The backstory of the character states that Kira Nerys was born 2343, in Dakhur province, Bajor, during the 50-year Cardassian occupation of the planet. She was raised in a labor camp. Her family were members of the artisan caste, namely sculptors of clay, or potters. At age 13, Kira was recruited into the Shakaar resistance cell, part of an underground movement which carried out guerrilla attacks against Cardassian military and civilians with the ultimate goal of ending the occupation.
Story
[edit]Kira is assigned as the senior Bajoran Militia officer aboard Deep Space Nine (DS9), acting as the station's executive officer under the Starfleet Commander Benjamin Sisko, who commands the facility. Initially, Kira is opposed to the Federation presence on DS9, feeling that the Bajoran people should have nothing to do with the Federation, as she believes that Bajor needs to be able to stand on its own two feet, after enduring a long, brutal occupation by the Cardassians. Over time, her sentiments change and she becomes one of the strongest supporters of Bajor joining the Federation, and is a steadfast ally and friend of Sisko. She is deeply religious, which makes her relationship with Sisko somewhat complicated; not only is he her commanding officer, he is also the emissary of the Prophets, the Bajorans' gods.

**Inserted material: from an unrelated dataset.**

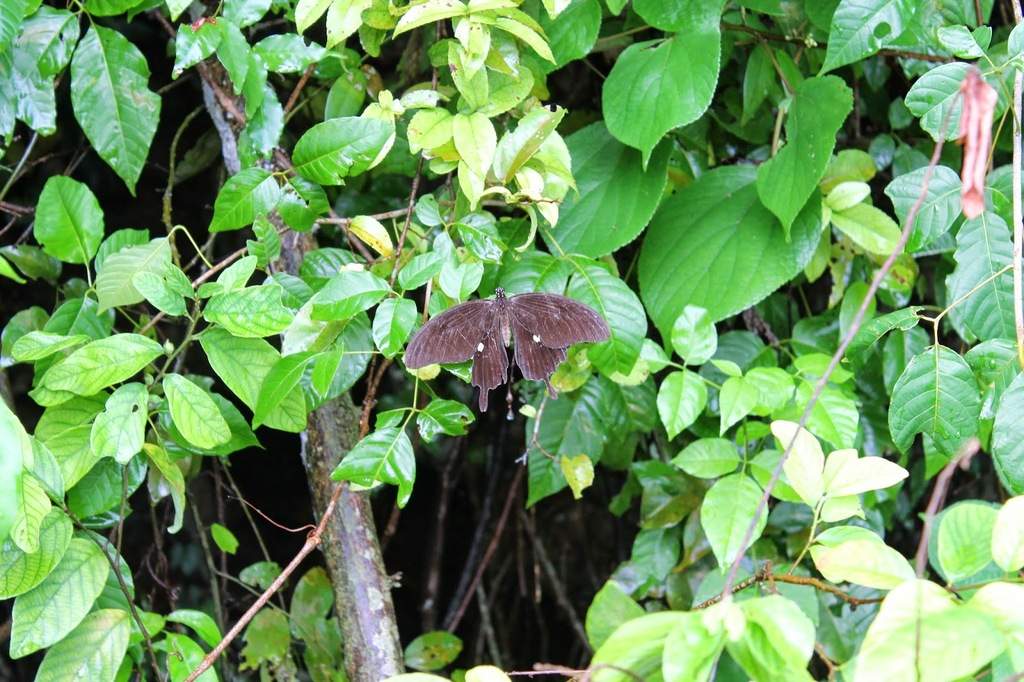 a4.bp.blogspot.com__VUs_XeO_TfE_U6qO5QQKMWI_AAAAAAAAApE_AIJ_O79wV7s_s1600_borboleta.jpg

As a member of the Bajoran Militia, Kira is an invaluable help to Starfleet in its mission on DS9. She often commands Starfleet personnel as DS9's executive officer. In the third season, she also serves as the first officer of the Defiant, a Starfleet warship based at DS9, until Lieutenant Commander Worf assumes that role in the fourth season. When the Dominion recaptures Deep Space Nine at the start of the Dominion War, at the end of the fifth season, Kira remains aboard the station as liaison officer, as a result of Bajor's non-aggression pact with the Dominion. At the beginning of the sixth season, The Federation is losing the war against the Dominion and this, alongside a Vedek's suicide which she witnesses, galvanizes Kira to start plotting a resistance movement against the Dominion. The movement is eventually successful in helping Starfleet retake the station and driving the Dominion back behind enemy lines.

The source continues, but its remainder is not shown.